• TASK DIRECTIONS
Take every line containing "CHRYSLER" out of the records.

• STUDY MATERIAL
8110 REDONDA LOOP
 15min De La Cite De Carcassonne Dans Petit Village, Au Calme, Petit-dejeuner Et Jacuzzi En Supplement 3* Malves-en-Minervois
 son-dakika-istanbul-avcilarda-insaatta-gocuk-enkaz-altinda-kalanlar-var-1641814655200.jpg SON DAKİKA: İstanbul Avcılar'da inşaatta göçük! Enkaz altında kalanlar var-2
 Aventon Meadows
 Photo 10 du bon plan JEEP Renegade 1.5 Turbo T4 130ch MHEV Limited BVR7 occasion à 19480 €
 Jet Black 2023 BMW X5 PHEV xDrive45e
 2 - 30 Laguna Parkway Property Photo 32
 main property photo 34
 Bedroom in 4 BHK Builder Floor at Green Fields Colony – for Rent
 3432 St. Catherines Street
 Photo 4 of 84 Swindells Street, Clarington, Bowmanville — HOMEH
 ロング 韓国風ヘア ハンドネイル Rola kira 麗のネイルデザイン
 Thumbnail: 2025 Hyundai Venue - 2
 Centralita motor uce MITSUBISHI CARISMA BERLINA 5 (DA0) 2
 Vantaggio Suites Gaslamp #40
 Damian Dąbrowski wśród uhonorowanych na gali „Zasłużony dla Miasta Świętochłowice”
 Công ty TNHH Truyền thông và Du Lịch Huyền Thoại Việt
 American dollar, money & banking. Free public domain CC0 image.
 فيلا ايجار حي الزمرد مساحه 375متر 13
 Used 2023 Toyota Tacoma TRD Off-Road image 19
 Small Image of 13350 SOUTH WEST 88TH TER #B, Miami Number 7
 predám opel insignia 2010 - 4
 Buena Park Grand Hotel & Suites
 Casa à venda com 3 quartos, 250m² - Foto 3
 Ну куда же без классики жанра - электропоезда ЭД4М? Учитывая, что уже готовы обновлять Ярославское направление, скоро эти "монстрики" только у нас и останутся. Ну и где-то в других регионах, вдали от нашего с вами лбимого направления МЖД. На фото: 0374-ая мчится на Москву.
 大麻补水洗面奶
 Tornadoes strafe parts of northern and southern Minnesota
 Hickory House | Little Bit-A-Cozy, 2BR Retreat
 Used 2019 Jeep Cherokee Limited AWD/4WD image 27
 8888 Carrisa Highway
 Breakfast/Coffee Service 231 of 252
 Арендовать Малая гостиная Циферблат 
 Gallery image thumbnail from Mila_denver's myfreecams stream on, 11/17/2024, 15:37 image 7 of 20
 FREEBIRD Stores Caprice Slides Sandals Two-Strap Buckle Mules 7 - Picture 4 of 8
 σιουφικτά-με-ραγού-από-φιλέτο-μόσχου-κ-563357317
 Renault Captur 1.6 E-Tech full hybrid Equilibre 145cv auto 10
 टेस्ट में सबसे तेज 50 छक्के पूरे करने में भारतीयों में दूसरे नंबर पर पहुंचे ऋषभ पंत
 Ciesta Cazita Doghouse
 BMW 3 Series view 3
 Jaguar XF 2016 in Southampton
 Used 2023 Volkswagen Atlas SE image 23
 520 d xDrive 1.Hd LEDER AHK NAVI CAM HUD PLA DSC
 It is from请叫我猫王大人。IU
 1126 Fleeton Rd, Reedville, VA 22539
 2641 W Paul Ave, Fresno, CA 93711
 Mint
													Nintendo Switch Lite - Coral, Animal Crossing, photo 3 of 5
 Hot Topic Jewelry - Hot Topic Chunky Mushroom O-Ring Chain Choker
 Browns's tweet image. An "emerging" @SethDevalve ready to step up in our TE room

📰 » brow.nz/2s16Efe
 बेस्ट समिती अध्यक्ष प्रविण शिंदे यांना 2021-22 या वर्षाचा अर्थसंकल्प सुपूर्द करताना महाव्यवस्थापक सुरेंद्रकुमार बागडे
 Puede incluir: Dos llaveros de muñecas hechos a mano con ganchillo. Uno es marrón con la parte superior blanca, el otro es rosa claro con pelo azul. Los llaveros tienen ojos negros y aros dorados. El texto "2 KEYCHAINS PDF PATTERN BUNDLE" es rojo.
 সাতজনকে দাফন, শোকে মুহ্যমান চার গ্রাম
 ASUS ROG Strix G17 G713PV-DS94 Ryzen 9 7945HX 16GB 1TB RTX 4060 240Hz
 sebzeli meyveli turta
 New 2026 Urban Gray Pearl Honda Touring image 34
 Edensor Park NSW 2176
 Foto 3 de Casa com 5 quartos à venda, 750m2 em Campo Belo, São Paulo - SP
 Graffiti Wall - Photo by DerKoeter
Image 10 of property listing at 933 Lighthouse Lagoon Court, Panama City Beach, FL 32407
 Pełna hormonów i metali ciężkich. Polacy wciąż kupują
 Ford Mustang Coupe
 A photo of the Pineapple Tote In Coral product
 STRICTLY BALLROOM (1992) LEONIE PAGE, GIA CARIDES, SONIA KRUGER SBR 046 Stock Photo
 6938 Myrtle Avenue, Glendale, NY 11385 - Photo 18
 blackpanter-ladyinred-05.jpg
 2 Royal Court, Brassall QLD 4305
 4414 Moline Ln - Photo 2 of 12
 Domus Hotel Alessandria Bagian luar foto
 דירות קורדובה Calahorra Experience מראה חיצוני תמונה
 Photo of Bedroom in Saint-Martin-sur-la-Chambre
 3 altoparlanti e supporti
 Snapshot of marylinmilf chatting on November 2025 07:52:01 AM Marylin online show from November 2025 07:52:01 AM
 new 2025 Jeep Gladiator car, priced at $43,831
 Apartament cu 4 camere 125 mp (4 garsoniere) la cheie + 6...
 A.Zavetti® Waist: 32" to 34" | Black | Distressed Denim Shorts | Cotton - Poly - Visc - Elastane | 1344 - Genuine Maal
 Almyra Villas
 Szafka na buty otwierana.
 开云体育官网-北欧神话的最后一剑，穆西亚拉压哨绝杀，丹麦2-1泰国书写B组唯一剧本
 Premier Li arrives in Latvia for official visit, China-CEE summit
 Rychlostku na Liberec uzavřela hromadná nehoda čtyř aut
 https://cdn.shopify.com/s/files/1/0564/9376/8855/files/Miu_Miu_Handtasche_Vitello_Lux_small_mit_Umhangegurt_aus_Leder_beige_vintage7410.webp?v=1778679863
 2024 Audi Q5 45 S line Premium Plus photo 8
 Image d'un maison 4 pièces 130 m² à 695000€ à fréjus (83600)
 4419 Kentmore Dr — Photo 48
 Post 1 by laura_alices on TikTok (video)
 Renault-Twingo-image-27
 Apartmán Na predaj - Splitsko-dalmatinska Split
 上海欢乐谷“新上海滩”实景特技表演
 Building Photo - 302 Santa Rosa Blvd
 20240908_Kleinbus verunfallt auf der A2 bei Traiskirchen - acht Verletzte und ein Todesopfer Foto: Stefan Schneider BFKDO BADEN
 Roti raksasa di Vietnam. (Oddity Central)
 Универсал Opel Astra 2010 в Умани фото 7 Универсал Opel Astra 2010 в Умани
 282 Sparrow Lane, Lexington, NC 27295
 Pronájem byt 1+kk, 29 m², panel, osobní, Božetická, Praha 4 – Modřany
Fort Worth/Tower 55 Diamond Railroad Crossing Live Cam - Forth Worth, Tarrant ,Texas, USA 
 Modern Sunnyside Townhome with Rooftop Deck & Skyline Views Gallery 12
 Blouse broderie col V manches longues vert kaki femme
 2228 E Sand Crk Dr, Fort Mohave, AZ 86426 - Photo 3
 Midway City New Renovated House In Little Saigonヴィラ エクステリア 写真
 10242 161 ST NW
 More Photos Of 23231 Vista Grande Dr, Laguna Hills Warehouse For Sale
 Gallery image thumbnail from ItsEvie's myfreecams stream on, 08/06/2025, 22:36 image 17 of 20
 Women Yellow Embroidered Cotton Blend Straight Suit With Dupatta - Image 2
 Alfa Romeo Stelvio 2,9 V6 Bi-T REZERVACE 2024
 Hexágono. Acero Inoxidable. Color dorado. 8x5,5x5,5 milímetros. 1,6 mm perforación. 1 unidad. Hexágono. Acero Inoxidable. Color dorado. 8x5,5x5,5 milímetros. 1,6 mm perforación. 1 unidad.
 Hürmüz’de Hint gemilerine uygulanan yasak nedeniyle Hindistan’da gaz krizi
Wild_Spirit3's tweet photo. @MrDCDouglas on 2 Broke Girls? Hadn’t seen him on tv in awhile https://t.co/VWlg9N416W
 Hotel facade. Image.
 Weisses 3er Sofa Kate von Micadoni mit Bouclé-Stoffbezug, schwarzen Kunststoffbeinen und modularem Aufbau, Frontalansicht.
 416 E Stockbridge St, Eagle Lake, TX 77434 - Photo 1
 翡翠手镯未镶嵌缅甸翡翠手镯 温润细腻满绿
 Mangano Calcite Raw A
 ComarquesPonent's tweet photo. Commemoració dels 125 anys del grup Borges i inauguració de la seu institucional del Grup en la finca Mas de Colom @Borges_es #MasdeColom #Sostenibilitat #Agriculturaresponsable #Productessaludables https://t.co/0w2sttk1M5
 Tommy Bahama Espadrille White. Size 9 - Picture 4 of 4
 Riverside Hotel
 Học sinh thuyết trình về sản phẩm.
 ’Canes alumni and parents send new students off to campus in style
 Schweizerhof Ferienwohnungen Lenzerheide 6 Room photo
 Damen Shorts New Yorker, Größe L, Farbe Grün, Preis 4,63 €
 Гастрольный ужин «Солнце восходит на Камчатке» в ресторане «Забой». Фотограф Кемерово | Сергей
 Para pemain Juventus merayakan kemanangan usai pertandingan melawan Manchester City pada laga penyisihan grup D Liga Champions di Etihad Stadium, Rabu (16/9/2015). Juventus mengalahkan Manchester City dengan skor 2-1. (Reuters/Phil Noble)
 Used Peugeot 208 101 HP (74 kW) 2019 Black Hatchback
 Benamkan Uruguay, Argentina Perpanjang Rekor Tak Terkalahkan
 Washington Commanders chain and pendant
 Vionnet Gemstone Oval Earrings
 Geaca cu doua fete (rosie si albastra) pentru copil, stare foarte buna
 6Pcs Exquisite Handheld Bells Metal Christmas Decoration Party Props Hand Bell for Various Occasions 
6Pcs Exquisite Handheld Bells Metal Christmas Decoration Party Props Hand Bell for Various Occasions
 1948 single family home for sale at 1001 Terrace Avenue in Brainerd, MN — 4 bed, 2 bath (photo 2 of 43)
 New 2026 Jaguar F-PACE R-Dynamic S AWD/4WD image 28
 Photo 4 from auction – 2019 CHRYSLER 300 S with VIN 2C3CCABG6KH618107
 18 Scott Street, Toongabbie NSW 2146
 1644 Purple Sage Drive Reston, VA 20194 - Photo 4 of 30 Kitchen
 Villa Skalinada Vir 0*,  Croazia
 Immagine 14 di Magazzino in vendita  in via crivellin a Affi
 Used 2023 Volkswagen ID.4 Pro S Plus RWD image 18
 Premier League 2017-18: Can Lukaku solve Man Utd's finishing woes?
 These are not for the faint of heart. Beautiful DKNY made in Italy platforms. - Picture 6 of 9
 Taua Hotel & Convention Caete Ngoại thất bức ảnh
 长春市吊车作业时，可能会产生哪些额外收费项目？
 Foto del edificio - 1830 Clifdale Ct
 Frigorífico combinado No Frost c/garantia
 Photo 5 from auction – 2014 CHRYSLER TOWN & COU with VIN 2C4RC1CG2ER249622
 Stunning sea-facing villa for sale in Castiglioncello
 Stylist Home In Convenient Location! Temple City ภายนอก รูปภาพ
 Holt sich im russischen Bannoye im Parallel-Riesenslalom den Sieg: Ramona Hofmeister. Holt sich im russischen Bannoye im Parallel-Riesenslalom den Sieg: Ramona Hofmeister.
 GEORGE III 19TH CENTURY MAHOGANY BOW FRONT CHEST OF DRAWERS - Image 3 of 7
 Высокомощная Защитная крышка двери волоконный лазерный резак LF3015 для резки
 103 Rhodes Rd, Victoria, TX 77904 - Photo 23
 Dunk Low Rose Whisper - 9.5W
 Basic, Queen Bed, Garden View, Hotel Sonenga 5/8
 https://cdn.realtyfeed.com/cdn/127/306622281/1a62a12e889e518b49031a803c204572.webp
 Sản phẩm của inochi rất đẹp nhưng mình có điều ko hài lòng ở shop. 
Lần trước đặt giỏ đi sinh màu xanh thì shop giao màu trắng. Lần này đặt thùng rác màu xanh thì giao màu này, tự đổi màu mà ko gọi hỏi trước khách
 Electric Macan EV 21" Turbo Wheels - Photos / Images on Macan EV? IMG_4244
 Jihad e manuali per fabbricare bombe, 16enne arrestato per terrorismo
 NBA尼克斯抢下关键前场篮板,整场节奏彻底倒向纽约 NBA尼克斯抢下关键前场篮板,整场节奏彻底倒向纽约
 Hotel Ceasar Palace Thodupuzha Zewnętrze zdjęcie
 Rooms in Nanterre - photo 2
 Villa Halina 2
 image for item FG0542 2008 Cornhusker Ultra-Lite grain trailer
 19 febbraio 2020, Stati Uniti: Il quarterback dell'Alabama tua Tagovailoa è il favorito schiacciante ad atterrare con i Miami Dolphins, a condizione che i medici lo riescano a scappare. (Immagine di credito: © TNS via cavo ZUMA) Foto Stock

• TASK OUTPUT
 Photo 4 from auction – 2019 CHRYSLER 300 S with VIN 2C3CCABG6KH618107
 Photo 5 from auction – 2014 CHRYSLER TOWN & COU with VIN 2C4RC1CG2ER249622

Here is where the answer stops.